§ **Action item**: Since the copy must hold text only, transcribe the data below exactly and omit the images.

§ **Source data**:
[Start of section]
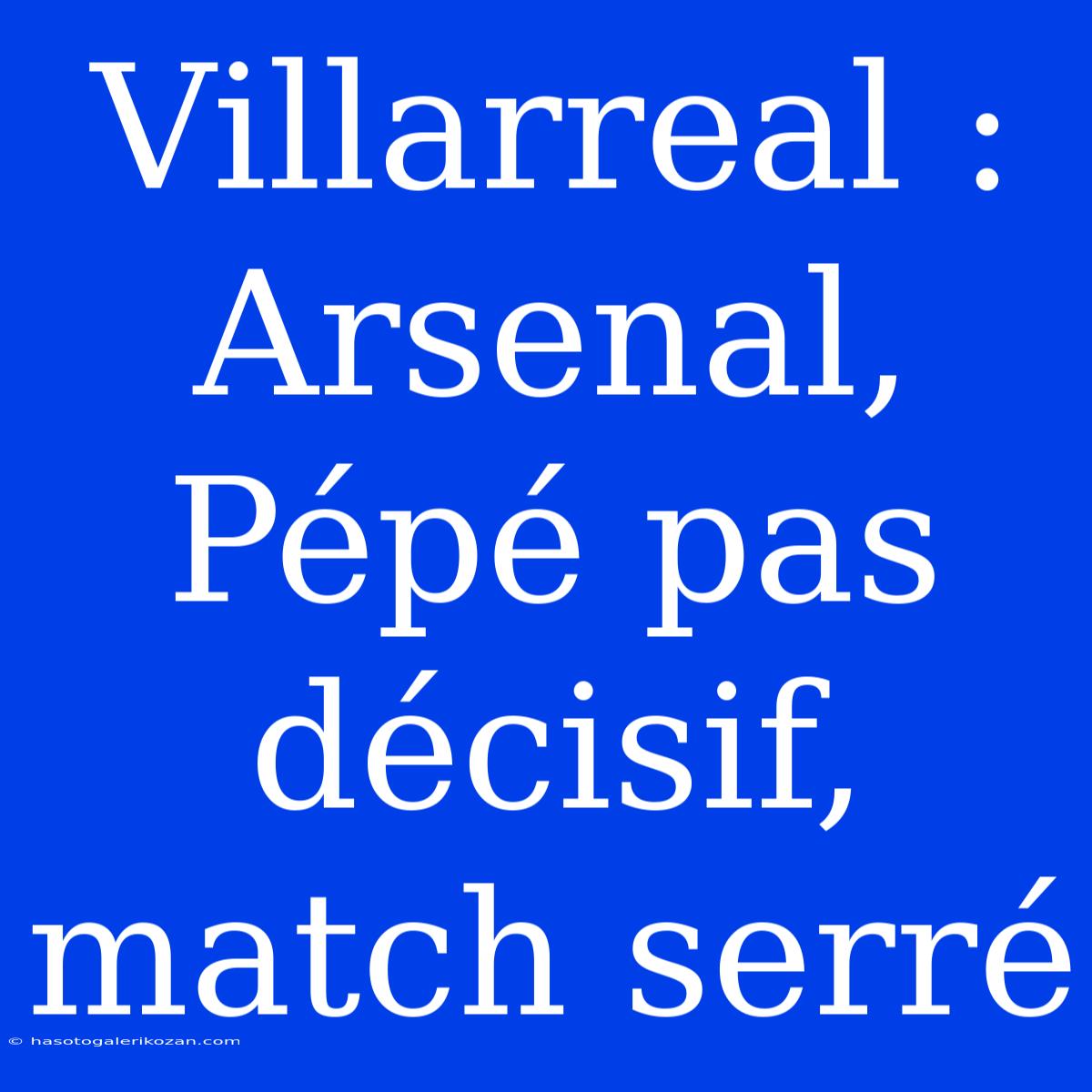 Villarreal : Arsenal, Pépé Pas Décisif, Match Serré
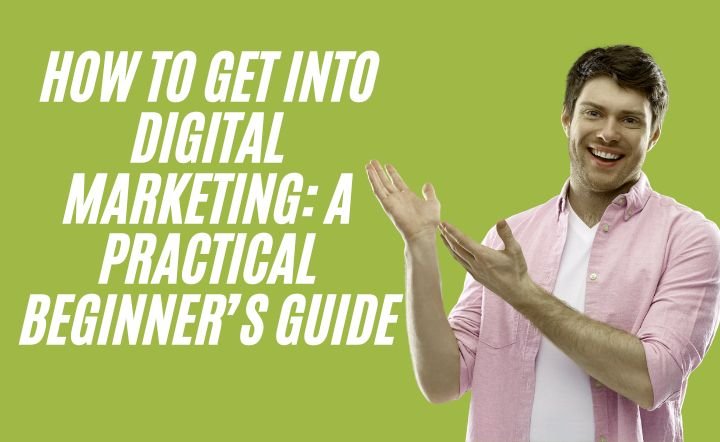 How to Get Into Digital Marketing: A Practical Beginner’s Guide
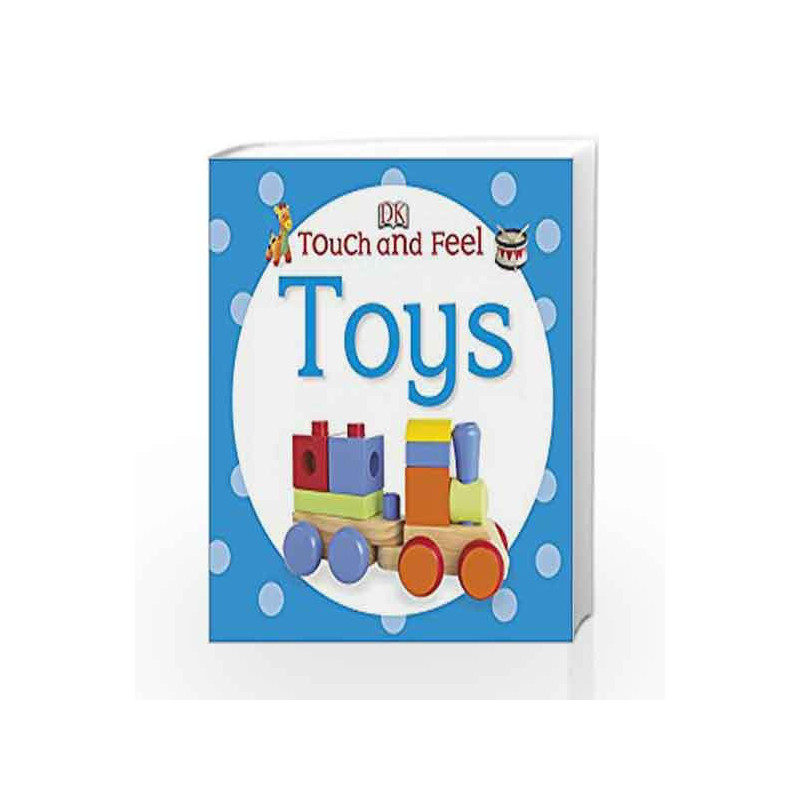 Touch and Feel Toys (DK Touch and Feel) by NA Book-9781409357179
[End of section]
§ **Answer**:
 Villarreal : Arsenal, Pépé Pas Décisif, Match Serré
 How to Get Into Digital Marketing: A Practical Beginner’s Guide
 Touch and Feel Toys (DK Touch and Feel) by NA Book-9781409357179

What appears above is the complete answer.